This is generally useful for Helion + distributed examples where we have tuple of length world_size. Example: https://github.com/meta-pytorch/kraken/blob/693f252a3ec39309703e65ae47d0de144adfaeac/kraken/fused/gemm_one_shot_all_reduce_fused.py#L87

Repro:

"""
Comparison of tuple indexing in Helion vs Triton
This script demonstrates why hl.static_range fails with tuples
but tl.static_range works in Triton.
"""

import torch
import triton
import triton.language as tl
import helion
import helion.language as hl


# ============================================================================
# HELION KERNELS (demonstrating the limitation)
# ============================================================================

@helion.kernel(autotune_effort="none")
def helion_static_tuple_indexing_unrolled_works(
    buf_tuple: tuple[torch.Tensor, torch.Tensor, torch.Tensor, torch.Tensor],
) -> torch.Tensor:
    """Helion: This works - static indexing with constants"""
    M, N = buf_tuple[0].shape
    result = torch.zeros_like(buf_tuple[0])
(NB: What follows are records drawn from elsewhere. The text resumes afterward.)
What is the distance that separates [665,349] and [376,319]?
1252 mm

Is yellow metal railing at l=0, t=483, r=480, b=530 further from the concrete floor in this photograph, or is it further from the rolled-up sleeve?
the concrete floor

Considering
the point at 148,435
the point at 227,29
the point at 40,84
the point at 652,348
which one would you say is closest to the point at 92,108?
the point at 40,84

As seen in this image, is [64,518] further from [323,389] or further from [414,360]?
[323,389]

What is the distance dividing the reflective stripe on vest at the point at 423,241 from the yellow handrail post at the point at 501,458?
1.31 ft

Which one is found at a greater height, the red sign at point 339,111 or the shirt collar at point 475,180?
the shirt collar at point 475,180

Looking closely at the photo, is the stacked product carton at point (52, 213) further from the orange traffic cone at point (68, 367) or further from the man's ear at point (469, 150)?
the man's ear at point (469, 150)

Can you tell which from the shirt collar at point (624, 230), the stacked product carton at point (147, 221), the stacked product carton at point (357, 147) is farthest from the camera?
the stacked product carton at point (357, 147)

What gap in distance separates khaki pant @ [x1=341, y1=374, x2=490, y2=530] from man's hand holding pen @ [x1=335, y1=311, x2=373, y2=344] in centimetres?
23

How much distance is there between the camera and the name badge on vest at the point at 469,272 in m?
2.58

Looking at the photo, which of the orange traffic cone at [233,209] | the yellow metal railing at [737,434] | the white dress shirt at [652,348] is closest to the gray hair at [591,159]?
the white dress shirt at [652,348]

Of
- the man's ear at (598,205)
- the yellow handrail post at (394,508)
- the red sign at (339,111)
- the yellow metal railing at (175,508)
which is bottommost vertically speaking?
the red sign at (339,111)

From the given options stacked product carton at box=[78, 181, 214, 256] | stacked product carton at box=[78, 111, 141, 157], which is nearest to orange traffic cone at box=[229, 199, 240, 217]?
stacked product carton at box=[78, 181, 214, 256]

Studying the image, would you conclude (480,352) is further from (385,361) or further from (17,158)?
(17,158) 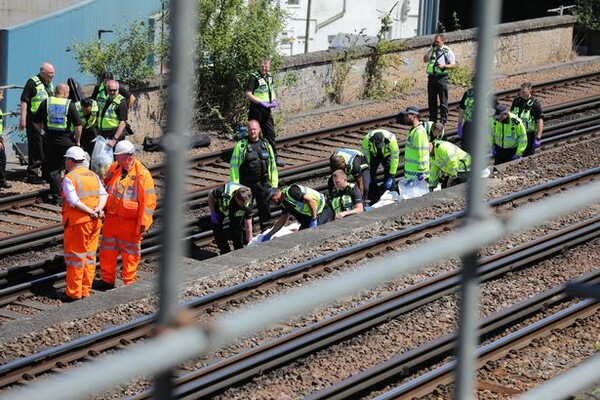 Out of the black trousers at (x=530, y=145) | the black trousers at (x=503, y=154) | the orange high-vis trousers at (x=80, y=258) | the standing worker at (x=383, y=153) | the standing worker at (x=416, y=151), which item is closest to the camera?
the orange high-vis trousers at (x=80, y=258)

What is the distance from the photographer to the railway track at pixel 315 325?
921cm

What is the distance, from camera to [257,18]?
65.0 ft

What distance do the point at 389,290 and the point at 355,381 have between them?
271cm

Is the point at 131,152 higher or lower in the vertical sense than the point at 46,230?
higher

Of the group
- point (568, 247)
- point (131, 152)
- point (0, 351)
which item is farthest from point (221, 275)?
point (568, 247)

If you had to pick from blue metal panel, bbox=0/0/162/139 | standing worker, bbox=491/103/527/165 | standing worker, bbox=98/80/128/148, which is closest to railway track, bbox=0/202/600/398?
standing worker, bbox=491/103/527/165

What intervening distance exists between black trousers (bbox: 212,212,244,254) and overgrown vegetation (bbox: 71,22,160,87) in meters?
5.77

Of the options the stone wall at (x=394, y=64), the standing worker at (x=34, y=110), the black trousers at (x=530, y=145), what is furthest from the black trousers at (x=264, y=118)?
the black trousers at (x=530, y=145)

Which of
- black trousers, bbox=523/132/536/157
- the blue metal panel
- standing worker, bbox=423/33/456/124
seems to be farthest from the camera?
the blue metal panel

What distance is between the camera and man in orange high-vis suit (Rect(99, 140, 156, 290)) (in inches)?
475

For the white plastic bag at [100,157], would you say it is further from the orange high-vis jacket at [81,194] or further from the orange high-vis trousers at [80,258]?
the orange high-vis trousers at [80,258]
    for tile_m, tile_n in hl.tile([M, N]):
        # Static indexing works fine
        val0 = buf_tuple[0][tile_m, tile_n]  # OK - constant index
        val1 = buf_tuple[1][tile_m, tile_n]  # OK - constant index
        val2 = buf_tuple[2][tile_m, tile_n]  # OK - constant index
        val3 = buf_tuple[3][tile_m, tile_n]  # OK - constant index

        result[tile_m, tile_n] = val0 + val1 + val2 + val3

    return result


@helion.kernel(autotune_effort="none")
def helion_static_tuple_indexing_rolled_fails(
    buf_tuple: tuple[torch.Tensor, torch.Tensor, torch.Tensor, torch.Tensor],
    WORLD_SIZE: hl.constexpr,
) -> torch.Tensor:
    """Helion: This fails - static indexing with hl.static_range"""
    M, N = buf_tuple[0].shape
    result = torch.zeros_like(buf_tuple[0])

    for tile_m, tile_n in hl.tile([M, N]):
        acc = hl.zeros([tile_m, tile_n], dtype=torch.float32)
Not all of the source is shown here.